British immunologist (1882–1965)

Alexander Thomas Glenny (18 September 1882 – 5 October 1965), was a British immunologist known particularly for his work on the prevention of diphtheria.

==Early life and education==
Glenny was born in Camberwell, London, England, educated at Alleyn's School, Dulwich, and awarded a B.Sc. by the University of London in 1905.

==Career==
In 1899 Glenny started working for the Wellcome Physiological Research Laboratories, then in Central London, becoming head of the immunology department in 1906. He worked on immunizations and antitoxins against diseases, including tetanus and diphtheria, and, later, chemical weapons.

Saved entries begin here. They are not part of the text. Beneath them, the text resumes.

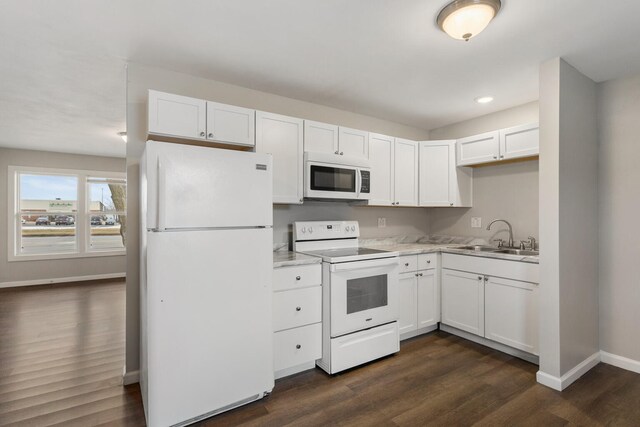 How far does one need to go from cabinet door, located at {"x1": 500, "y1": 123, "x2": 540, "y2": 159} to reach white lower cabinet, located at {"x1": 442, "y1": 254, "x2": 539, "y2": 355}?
107 centimetres

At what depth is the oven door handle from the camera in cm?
256

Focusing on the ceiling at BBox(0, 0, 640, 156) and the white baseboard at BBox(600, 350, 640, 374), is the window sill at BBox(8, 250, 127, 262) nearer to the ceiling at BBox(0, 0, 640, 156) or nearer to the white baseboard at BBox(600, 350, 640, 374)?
the ceiling at BBox(0, 0, 640, 156)

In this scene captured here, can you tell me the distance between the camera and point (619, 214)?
2.65m

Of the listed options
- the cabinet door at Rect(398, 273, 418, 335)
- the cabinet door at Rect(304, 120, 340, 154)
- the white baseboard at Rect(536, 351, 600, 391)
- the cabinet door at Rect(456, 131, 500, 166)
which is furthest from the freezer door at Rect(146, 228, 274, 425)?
the cabinet door at Rect(456, 131, 500, 166)

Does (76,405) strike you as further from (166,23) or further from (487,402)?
(487,402)

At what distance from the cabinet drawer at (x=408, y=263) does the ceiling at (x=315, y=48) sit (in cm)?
158

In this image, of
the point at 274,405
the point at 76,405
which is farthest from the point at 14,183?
the point at 274,405

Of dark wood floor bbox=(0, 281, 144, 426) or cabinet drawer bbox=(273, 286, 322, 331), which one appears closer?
dark wood floor bbox=(0, 281, 144, 426)

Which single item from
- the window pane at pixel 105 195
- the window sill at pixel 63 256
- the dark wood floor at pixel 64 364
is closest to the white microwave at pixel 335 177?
the dark wood floor at pixel 64 364

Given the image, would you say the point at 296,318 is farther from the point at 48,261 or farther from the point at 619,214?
the point at 48,261

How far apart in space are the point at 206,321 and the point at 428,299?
7.49 ft

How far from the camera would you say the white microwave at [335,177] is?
2822 millimetres

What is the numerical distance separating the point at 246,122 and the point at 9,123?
3.76m

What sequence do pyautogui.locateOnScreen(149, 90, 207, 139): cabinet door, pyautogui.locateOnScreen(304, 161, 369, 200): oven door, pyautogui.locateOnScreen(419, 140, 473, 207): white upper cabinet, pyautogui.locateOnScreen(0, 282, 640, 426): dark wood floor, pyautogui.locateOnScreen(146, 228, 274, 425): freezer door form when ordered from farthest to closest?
pyautogui.locateOnScreen(419, 140, 473, 207): white upper cabinet, pyautogui.locateOnScreen(304, 161, 369, 200): oven door, pyautogui.locateOnScreen(149, 90, 207, 139): cabinet door, pyautogui.locateOnScreen(0, 282, 640, 426): dark wood floor, pyautogui.locateOnScreen(146, 228, 274, 425): freezer door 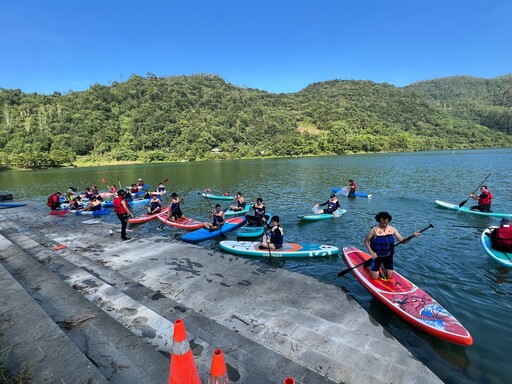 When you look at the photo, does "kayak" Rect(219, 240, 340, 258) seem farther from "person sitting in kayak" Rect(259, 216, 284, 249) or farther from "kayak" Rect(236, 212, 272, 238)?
"kayak" Rect(236, 212, 272, 238)

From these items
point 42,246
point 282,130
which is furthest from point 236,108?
point 42,246

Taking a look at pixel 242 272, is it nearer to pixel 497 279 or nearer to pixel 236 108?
pixel 497 279

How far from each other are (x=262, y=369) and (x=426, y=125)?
192 m

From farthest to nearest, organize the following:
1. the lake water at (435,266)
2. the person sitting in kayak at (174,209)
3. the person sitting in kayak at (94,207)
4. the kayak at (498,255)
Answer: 1. the person sitting in kayak at (94,207)
2. the person sitting in kayak at (174,209)
3. the kayak at (498,255)
4. the lake water at (435,266)

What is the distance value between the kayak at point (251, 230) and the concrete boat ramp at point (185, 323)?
4.51 metres

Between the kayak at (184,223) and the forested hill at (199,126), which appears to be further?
the forested hill at (199,126)

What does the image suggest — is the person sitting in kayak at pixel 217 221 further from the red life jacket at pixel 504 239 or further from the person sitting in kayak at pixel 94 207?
the red life jacket at pixel 504 239

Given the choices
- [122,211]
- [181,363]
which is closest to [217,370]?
[181,363]

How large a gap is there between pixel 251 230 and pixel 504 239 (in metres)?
Result: 10.0

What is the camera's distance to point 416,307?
273 inches

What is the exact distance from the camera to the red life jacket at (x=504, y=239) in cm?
1026

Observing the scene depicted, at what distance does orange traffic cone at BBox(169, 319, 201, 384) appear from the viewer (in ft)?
11.6

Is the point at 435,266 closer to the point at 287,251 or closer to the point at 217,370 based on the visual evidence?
the point at 287,251

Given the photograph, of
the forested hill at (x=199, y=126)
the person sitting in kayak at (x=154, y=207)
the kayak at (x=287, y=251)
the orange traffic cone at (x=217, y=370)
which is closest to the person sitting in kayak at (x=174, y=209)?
the person sitting in kayak at (x=154, y=207) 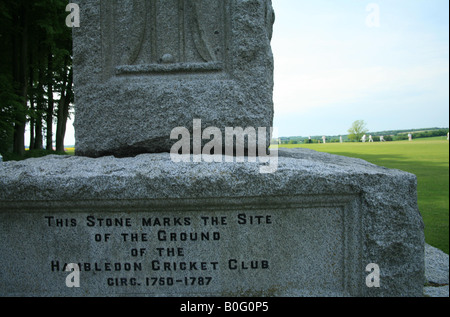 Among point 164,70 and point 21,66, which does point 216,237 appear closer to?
point 164,70

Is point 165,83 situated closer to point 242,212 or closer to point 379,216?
point 242,212

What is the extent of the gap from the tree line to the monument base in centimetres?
612

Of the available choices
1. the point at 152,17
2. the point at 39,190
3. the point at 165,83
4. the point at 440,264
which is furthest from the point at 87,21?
the point at 440,264

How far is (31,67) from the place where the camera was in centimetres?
1064

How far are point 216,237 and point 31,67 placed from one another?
1121 centimetres

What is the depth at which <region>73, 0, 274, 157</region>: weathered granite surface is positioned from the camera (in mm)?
2463

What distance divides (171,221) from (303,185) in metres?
0.88

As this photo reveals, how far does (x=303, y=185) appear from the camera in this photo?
2021 millimetres

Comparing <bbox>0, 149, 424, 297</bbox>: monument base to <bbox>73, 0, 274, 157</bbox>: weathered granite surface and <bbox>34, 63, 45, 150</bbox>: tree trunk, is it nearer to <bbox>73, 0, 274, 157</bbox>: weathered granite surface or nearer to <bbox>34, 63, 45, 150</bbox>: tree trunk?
<bbox>73, 0, 274, 157</bbox>: weathered granite surface

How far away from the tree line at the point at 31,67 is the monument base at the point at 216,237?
6118 millimetres

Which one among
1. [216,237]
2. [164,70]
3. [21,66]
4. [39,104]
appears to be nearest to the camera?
[216,237]

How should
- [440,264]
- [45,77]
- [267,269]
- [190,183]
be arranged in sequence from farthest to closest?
[45,77]
[440,264]
[267,269]
[190,183]

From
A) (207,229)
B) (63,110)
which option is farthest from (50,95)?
(207,229)

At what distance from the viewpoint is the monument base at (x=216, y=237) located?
6.78ft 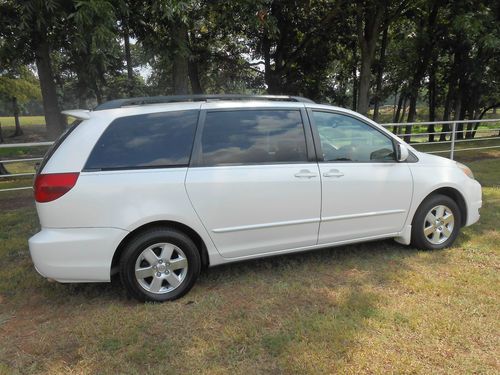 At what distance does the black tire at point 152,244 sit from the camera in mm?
3439

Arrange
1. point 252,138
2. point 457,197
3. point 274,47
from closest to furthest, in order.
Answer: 1. point 252,138
2. point 457,197
3. point 274,47

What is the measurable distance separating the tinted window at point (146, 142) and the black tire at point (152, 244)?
0.60 m

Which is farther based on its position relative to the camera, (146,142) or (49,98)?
(49,98)

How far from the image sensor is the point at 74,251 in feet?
10.9

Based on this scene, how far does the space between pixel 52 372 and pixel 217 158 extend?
80.3 inches

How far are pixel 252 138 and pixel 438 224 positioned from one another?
238 centimetres

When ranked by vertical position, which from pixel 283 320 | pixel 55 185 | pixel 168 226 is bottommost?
pixel 283 320

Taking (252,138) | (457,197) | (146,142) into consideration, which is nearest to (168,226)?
(146,142)

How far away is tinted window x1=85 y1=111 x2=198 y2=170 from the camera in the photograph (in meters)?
3.41

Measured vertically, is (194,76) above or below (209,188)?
above

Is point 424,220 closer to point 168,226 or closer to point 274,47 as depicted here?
point 168,226

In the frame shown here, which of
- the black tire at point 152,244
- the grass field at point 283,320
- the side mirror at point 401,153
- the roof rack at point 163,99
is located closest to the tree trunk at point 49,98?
the grass field at point 283,320

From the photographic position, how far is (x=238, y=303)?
3.54 meters

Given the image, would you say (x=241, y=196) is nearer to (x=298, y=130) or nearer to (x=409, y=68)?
(x=298, y=130) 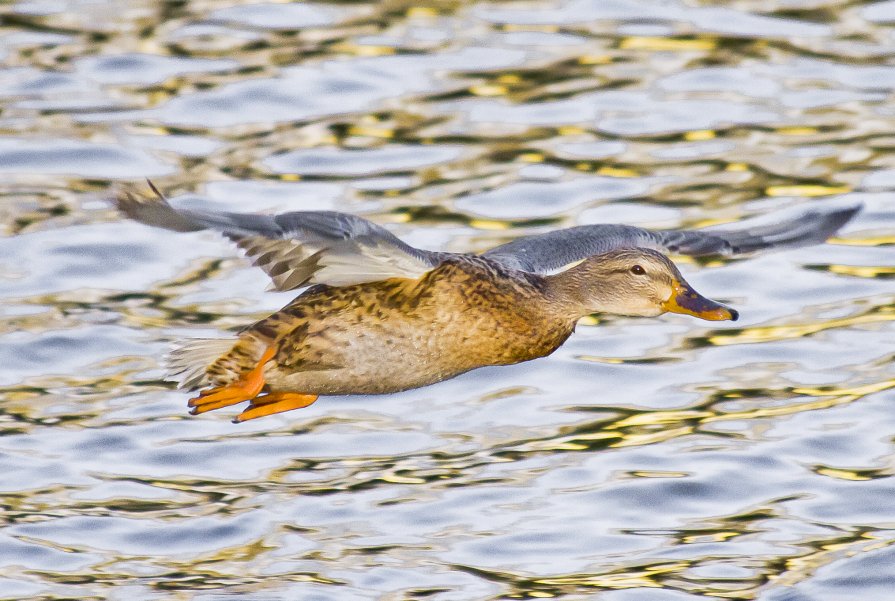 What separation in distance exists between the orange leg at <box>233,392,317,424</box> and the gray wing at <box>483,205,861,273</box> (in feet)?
3.80

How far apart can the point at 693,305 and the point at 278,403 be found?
1.92m

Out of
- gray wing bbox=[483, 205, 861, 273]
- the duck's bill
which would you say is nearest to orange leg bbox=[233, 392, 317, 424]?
gray wing bbox=[483, 205, 861, 273]

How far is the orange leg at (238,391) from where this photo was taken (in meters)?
8.29

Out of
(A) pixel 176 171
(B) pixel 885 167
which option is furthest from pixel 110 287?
(B) pixel 885 167

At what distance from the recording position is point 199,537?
9055mm

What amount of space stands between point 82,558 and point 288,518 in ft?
3.25

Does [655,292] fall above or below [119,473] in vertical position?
above

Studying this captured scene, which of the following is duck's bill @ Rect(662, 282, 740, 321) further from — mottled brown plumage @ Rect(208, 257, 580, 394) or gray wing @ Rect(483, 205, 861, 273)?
mottled brown plumage @ Rect(208, 257, 580, 394)

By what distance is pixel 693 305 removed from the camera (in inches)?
336

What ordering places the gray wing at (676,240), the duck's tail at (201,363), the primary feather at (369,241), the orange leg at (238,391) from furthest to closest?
the gray wing at (676,240) → the duck's tail at (201,363) → the orange leg at (238,391) → the primary feather at (369,241)

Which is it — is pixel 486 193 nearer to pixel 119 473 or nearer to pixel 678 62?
pixel 678 62

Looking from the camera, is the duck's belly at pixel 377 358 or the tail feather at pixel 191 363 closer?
the duck's belly at pixel 377 358

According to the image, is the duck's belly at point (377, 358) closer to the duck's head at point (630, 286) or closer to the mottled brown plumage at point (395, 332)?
the mottled brown plumage at point (395, 332)

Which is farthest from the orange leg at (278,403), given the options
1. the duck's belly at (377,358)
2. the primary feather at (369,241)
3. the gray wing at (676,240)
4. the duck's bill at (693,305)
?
the duck's bill at (693,305) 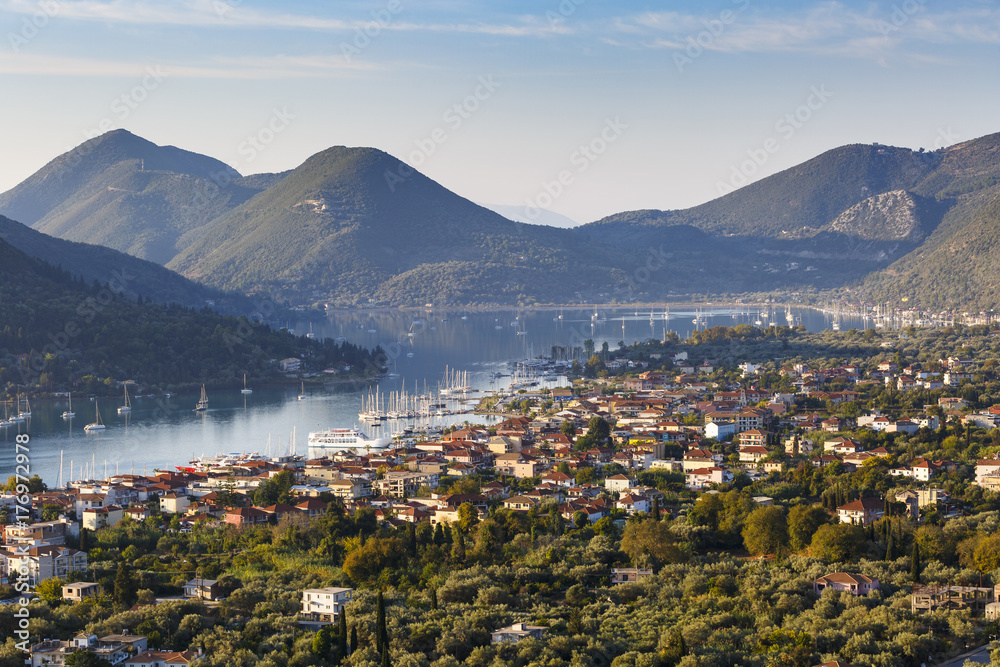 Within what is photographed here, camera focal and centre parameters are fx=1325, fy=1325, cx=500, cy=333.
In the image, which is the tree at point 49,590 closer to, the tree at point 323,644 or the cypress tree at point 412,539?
the tree at point 323,644

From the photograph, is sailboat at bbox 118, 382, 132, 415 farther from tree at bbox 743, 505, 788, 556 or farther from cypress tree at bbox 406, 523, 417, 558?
tree at bbox 743, 505, 788, 556

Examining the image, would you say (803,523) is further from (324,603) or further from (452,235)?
(452,235)

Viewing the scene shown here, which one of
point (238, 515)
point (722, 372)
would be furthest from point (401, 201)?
point (238, 515)

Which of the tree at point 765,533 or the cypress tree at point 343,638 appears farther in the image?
the tree at point 765,533

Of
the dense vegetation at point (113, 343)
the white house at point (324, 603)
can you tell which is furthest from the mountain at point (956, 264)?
the white house at point (324, 603)

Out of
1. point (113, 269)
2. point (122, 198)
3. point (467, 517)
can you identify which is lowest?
point (467, 517)

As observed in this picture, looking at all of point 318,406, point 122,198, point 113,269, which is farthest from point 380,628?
point 122,198

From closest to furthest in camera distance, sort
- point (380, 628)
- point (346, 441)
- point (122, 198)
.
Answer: point (380, 628) < point (346, 441) < point (122, 198) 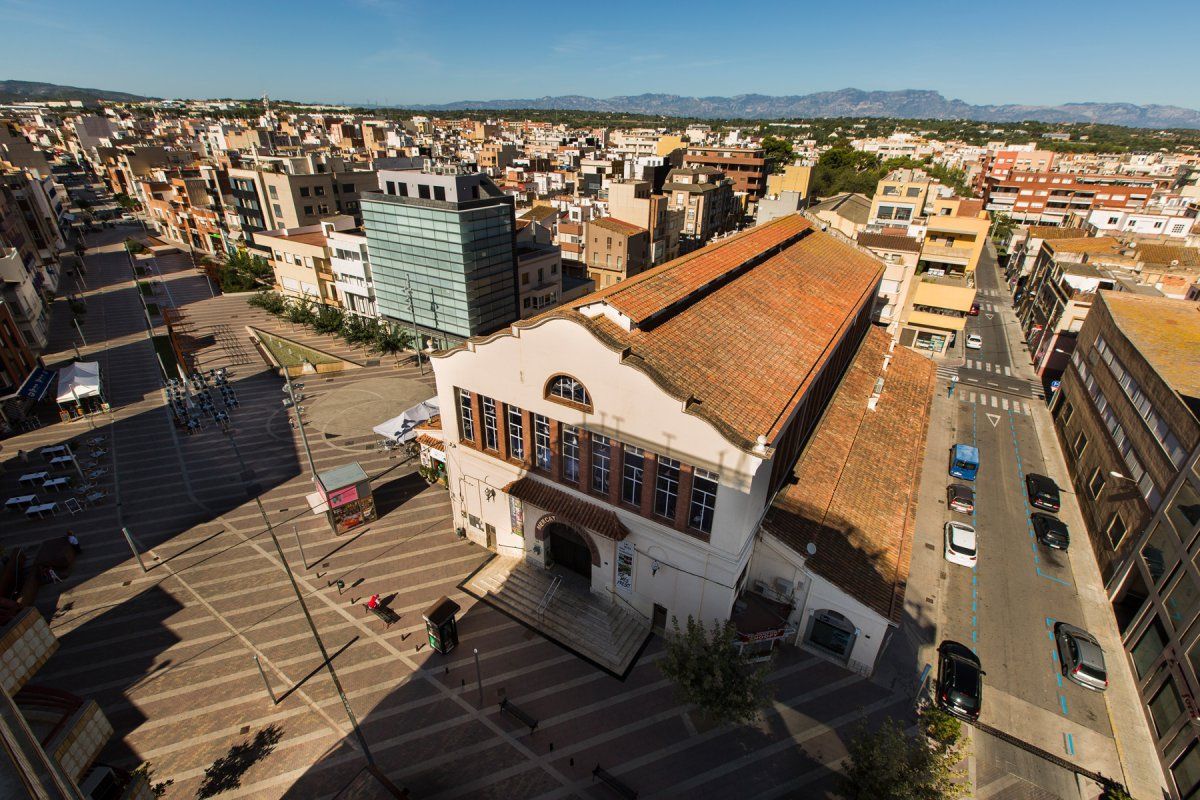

Glenny's scientific work focused on the mechanisms of antibody production and the prevention of diphtheria. In 1921 he and H. J. Südmersen discovered the primary and secondary immune response. In the same paper they also briefly described the properties of diphtheria toxoid, which had been discovered by Glenny in 1904, apparently by accident. In 1925-6 he developed alum-precipitated diphtheria toxoid. He was elected Fellow of the Royal Society in 1944 and awarded the Edward Jenner Medal by the Royal Society of Medicine in 1953.

==Death==
Glenny died in 1965. He had married Emma Blanche Lillian Gibbs (born 1886) on 7 July 1910. They had three children, John (1913), Peter (1915), and Barbara (1918).